84 P. 329 | Cal. Ct. App. | 1905

Lead Opinion

This is an action to recover the unpaid portion of the subscription price of stock in the plaintiff corporation. Plaintiff recovered judgment, in the trial court, and this appeal is from the order denying defendant's motion for a new trial, and comes here upon a statement of the case and the judgment-roll.

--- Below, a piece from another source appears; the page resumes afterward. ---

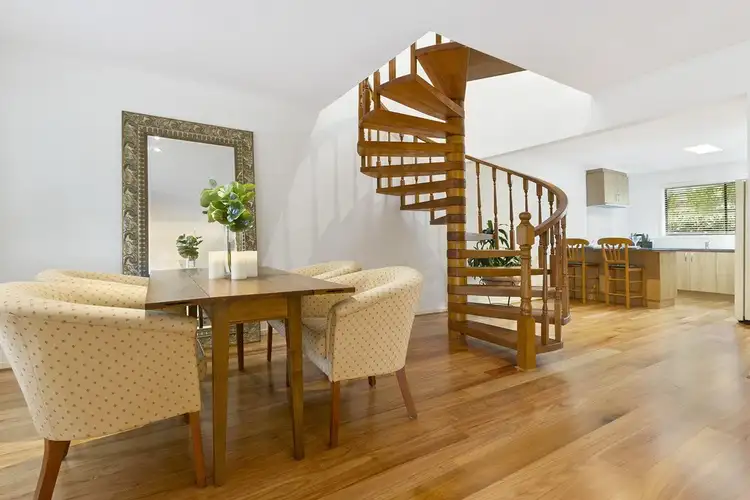 Second view of Homely house listing, 17 Tilson Drive, Vermont VIC 3133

It appears by the statement that plaintiff was a savings and loan corporation from the year 1888 to the twentieth day of January, 1895, when it went into liquidation, in accordance with the provisions of the act entitled: "An Act creating a Board of Bank Commissioners, and prescribing their duties and powers." (Stats. 1895, p. 172, c. 167.) On the third day of January, 1895, two certificates aggregating twenty-four shares of the capital stock of the corporation were surrendered, and twenty-four shares were issued to defendant in his name and receipted for by him, and his name was entered in the stock transfer book, stock journal, and stock ledger. The receipt signed by Rauer was on the stub from which the certificate was detached, which showed that the stock was one-third paid up, and the receipt recited that the certificate was received subject to the articles of incorporation and by-laws of the company. As a matter of fact, however, Rauer took the stock as collateral security for money loaned to one of the former owners thereof, but this does not in any way appear upon the books of the corporation. The plaintiff was insolvent, and the entire amount of the unpaid portion of the subscription price of its stock was not sufficient to pay *447 its liabilities. On August 28, 1895, the bank commissioners, by resolution, ordered the board of directors to levy an assessment for the full amount of the unpaid capital stock, but, instead of levying such assessment, the board of directors issued a call for the unpaid portion of capital stock. This call was duly published, and notice given by mail to each stockholder.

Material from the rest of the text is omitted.